Once the images are set aside, output the listing exactly as it stands.

* Data shown
***

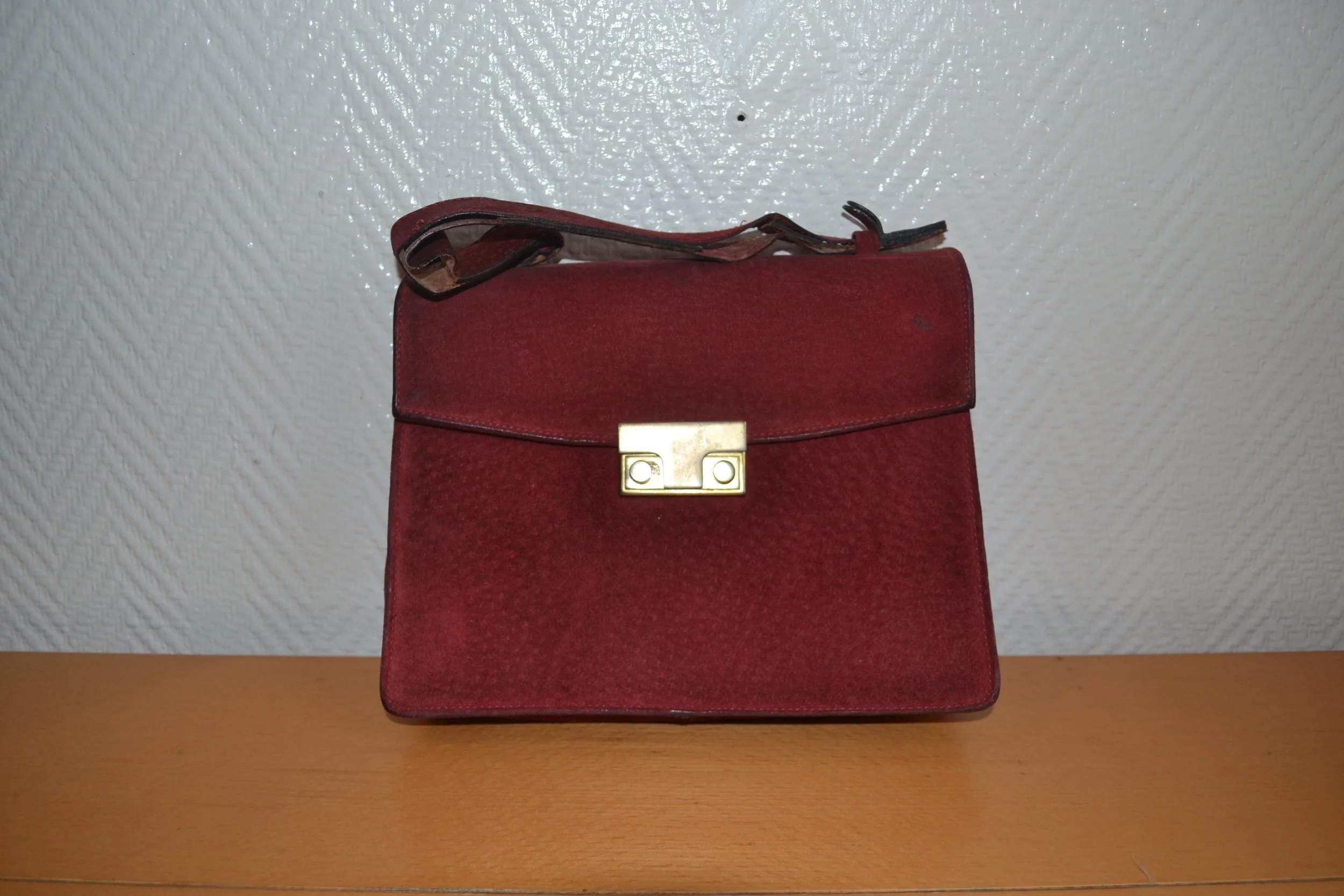Red Suede Mini Purse With Latch Opening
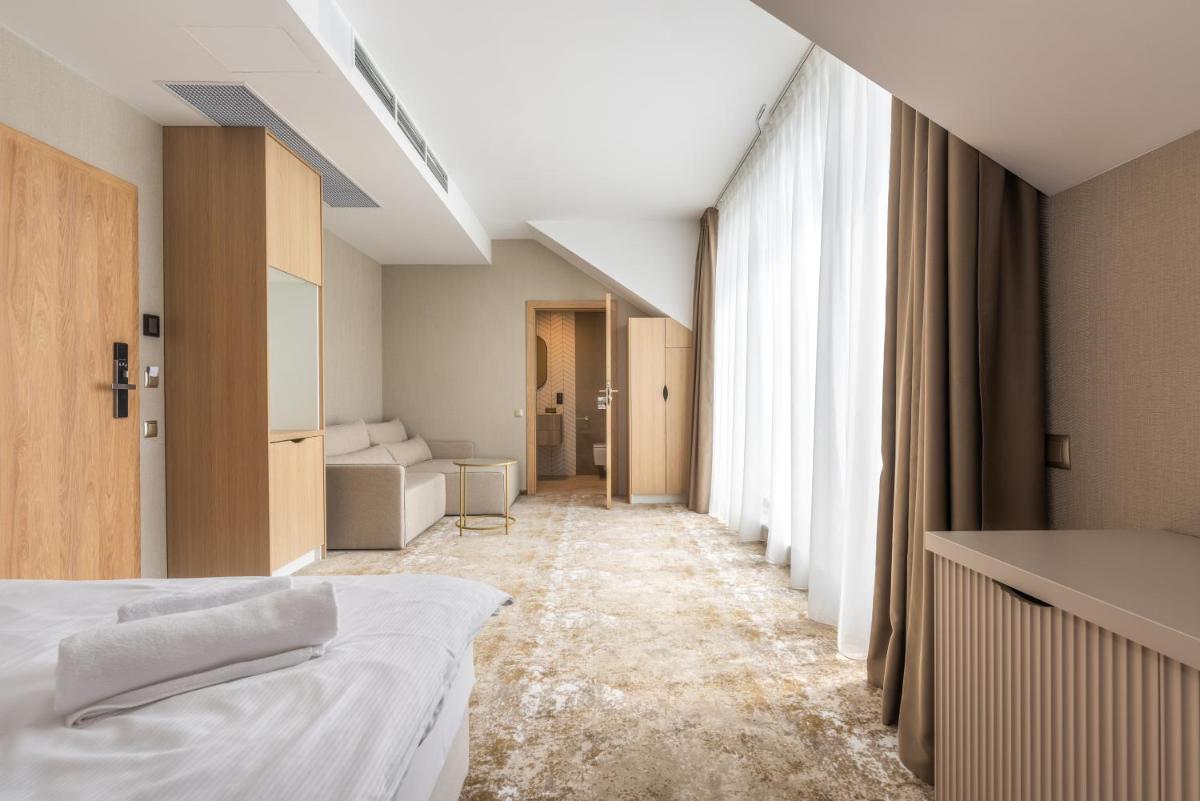 Blue & Green Masurian Hotel - Housity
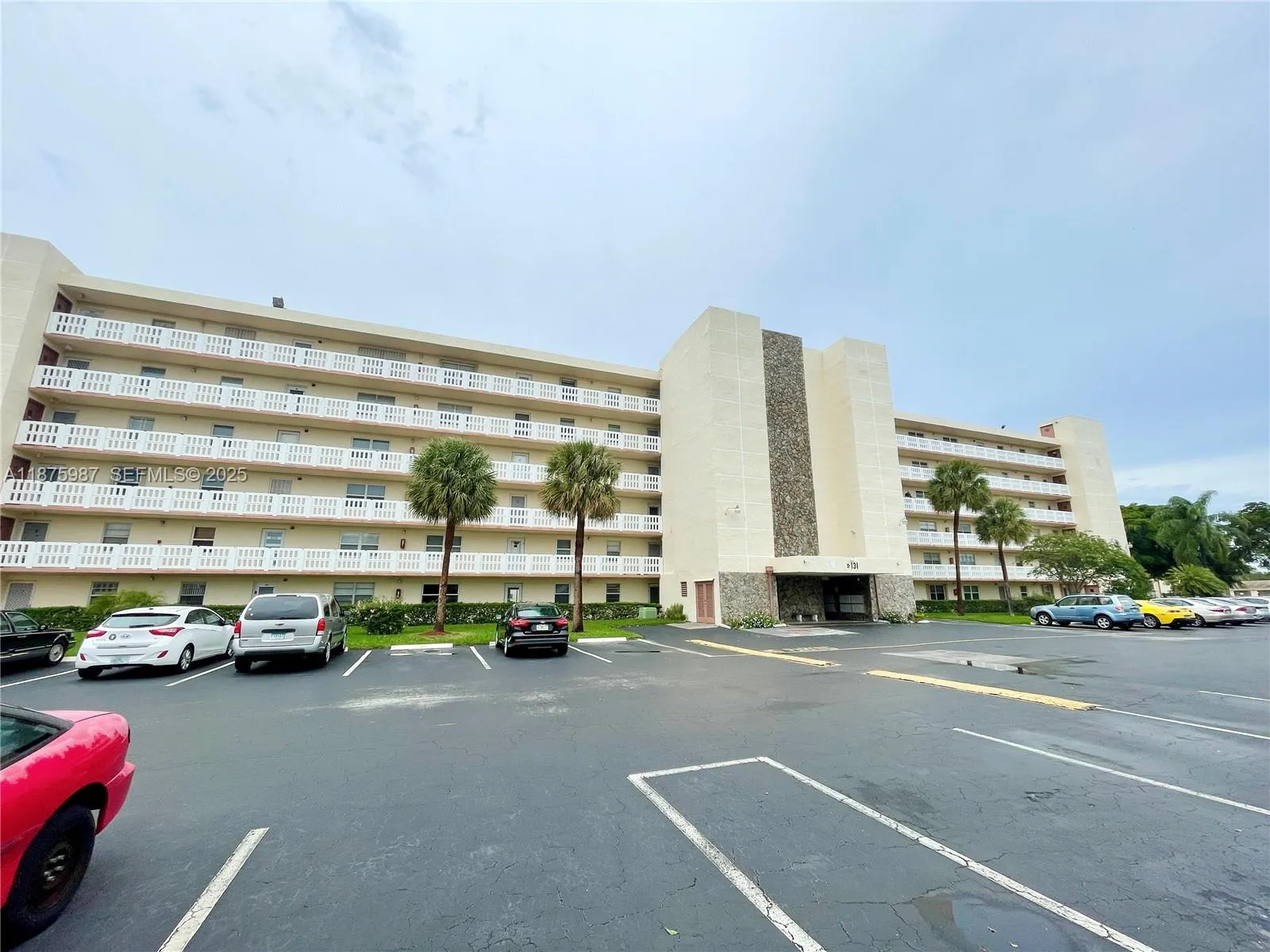 Parking space convenient located close to the elevator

***

* Written reply
Red Suede Mini Purse With Latch Opening
 Blue & Green Masurian Hotel - Housity
 Parking space convenient located close to the elevator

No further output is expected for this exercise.